Samson & Delilah: brilliant, unflinching and redemptive
by Joanna Eede
The film Samson and Delilah, released in the UK this Friday, has been acclaimed as the best – and the future – of Australian film-making: a film of ‘delicate simplicity and gut-wrenching power.’
The film depicts an Aboriginal community in the Central Australian desert where two teenagers, Samson and Delilah, live.
Very little seems to happen in their day to day lives. There is a palpable listlessness, a lot of sitting around on fences and wandering aimlessly along the red roads, kicking up dust. The flies buzz, the crickets chirrup, a band plays loud repetitive music from a verandah. And Samson sniffs petrol.
There is a feeling that the collective spirit of this indigenous community has been ground down to such a degree that to grind it down further in solvent abuse matters little.

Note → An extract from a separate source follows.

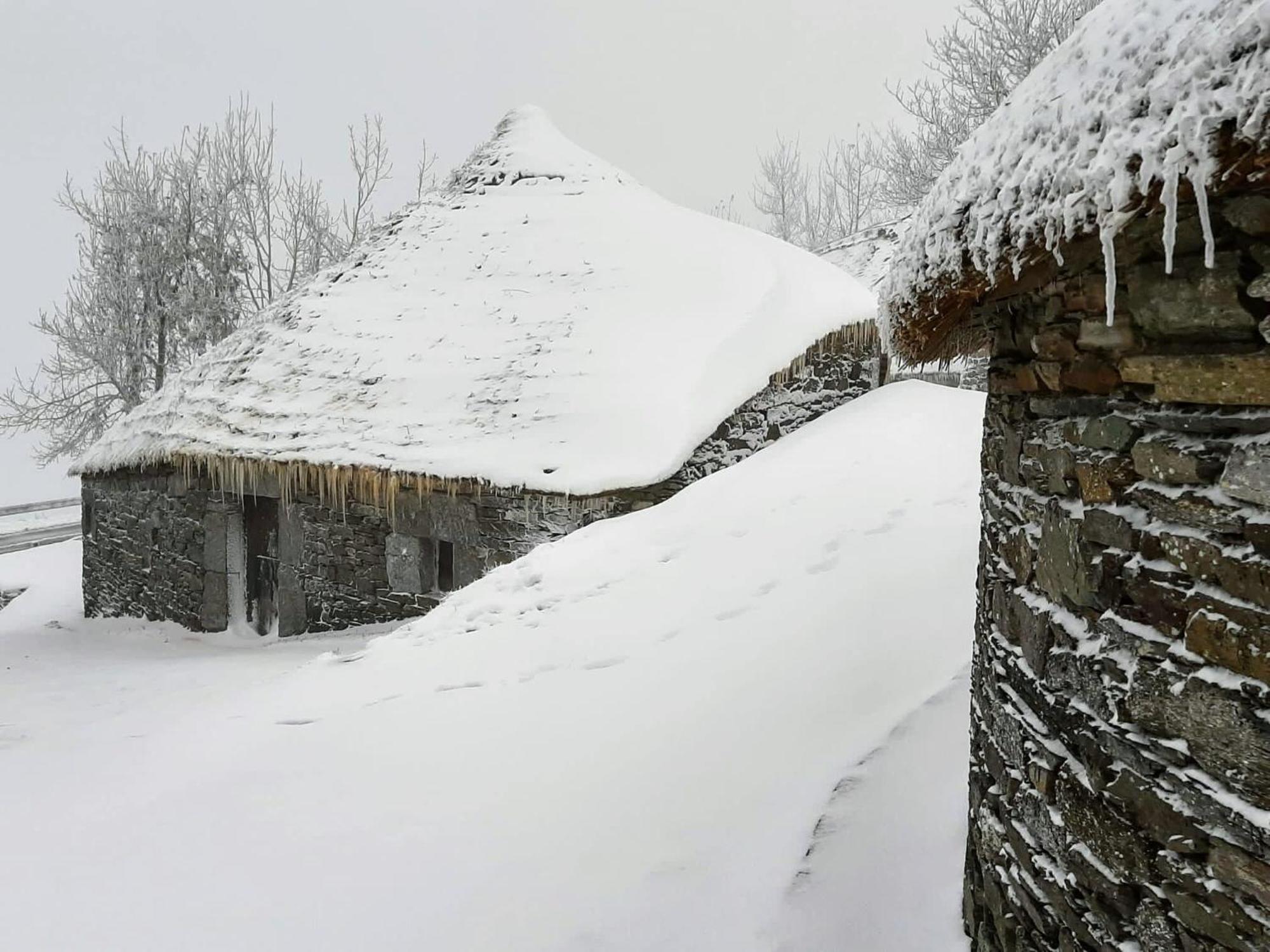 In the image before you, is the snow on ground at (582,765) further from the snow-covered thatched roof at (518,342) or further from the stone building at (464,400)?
the snow-covered thatched roof at (518,342)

Petrol sniffing has become a crutch in Samson’s life and his gateway to oblivion: the opening scene shows him reaching for his petrol can on waking. The rest of his time is spent in watching the quiet, serious Delilah. He follows her around, graffittis his clumsy feelings for her on the wall of a shop ( ‘S4D onley [sic] ones [sic]‘) and throws rocks at her in an attempt to express what he is unable to say in words: that he loves her.
Delilah, in turn, spends her days ignoring Samson. She watches her grandmother paint and pushes her to and from the health clinic in a wheelchair. (In real life, the woman who plays ‘Nana’, the grandmother, is both Delilah’s real grandmother and an Aboriginal artist). It is only when Delilah secretly watches Samson dancing in the dark that her feelings for him are stirred. When Nana dies, Delilah is attacked with sticks by relatives who accuse her, unfairly, of neglect.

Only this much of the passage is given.